即応予備自衛官として陸上自衛隊の演習に参加しました。
演習はおよそ25年ぶりです。
しかも職種が当時と違うので勝手がよく分かりませんでした(職種が同じでも25年ぶりなので関係ないかもしれませんが)。
1日目の朝は駐屯地で、演習のための装具など準備して、それが終われば3トン半で出発し、昼頃に演習場に到着。
昼食後に演習に参加。
通常、自衛隊の勤務時間は8時前後から17時前後です。
しかし演習中は関係ありません。
17時を過ぎても屋外での作業が続きます。
日が暮れても続きます。
時々、10~15分程度の休憩があります。
零時を過ぎ日付が変わっても作業が続きます。
朝になっても続きます。
朝飯のあとはさすがに仮眠があるだろうと思ったら、何もありませんでした。
徹夜明けで、ずっと作業です。
2日目の夜は仮眠が取れるらしいとのこと。
……事情があって演習が1日早く終わることになり、昼過ぎから撤収作業になりました。
この撤収作業も辛いです。
状況外なので装具類は装着せずにいいし、小銃などはまとめて置いたりして、身軽ではありますが。
撤収作業が長引いて、そのうち夕方になりました。
日が暮れて、雨も降ったり止んだりするなか、ようやく撤収作業が終わりました。
その日は演習場の宿舎に泊まることになりましたが、その調整に時間がかかるらしく、作業の終わった隊員たちは自分も含めて放置状態でした。
場所は演習場のど真ん中で、見渡す限り平原です。
雨が降ったせいか、白いもやが出ていました。
そのもやをじっと見ていると、民家が見えました。
いや、民家なんてあるはずがないと思って目をこらすけど、どうみても民家です。
白い建物で、2階建てで、外階段がついているから、アパートなのかもしれません。
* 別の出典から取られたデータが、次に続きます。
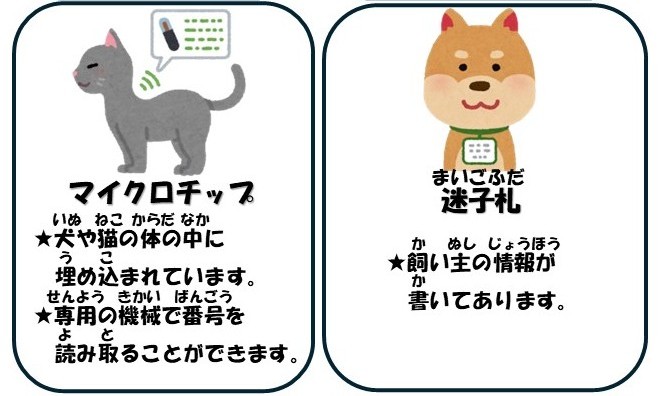 マイクロチップ及び迷子札のイラスト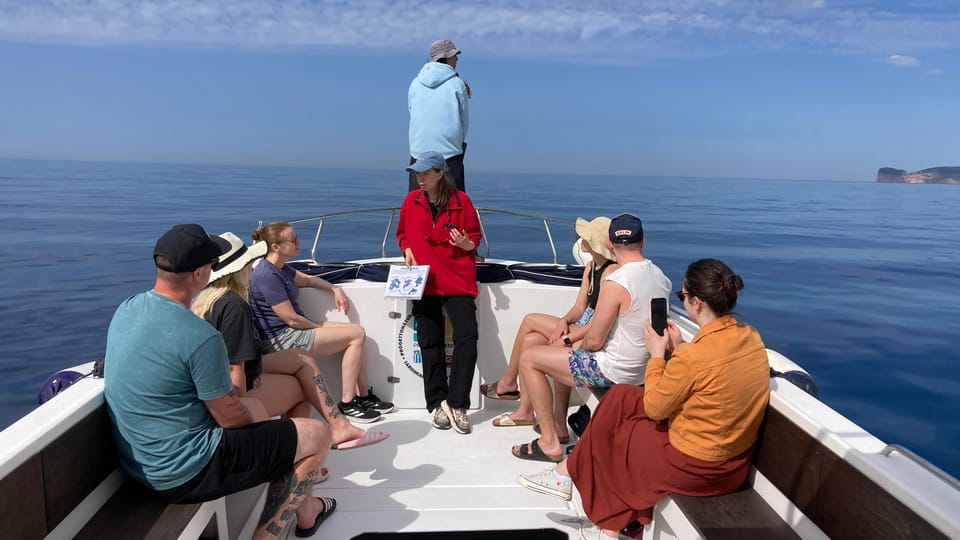 Alghero: Dolphin Watching Tour with Marine Researcher - The 4-Hour Tour in Summer: Snorkeling in Capo Caccia and Isola Piana (June–September)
脇には白い乗用車も見えます。
その時点で、およそ40時間ほど起きていた計算なので、睡眠不足による幻覚だと思います。
演習の前日も、4~5時間ぐらいしか睡眠はとっていなかったのでそれも関係しているはずです。
そのときはなんとなく、これは幻覚かな? と思った程度でした。
演習が終わって2日後ぐらいにあれは幻覚だったと確信しました。
普通だと起きている時間は16時間前後、長くても20時間ぐらいだから、その2倍強の時間起きていて正常な状態が保てるはずはないとも思えます。
ただ起きているだけならまだいいけど、重い装具をつけて、小銃を持っての作業を延々と続けるわけですからなおさらです。
しかも夏場で気温も高かったです。
ノンフィクション系の、海や山や砂漠なんかで遭難した人の話を読んだりすると、結構な割合で幻覚、幻聴などを経験するようです。
助けが来たとか、水や食料を発見したと思ってもそれは幻聴や幻覚でがっかりする場面はよくあります。
案外、人間の知覚能力が正常に機能する幅は狭いのかもしれません。
結局宿舎にたどり着いたのは21時頃でした。
普段、日が暮れてからは缶コーヒーは飲みませんが、その日は自販機で缶コーヒーを買って飲みました。
演習のあとの缶コーヒーは美味しかったです。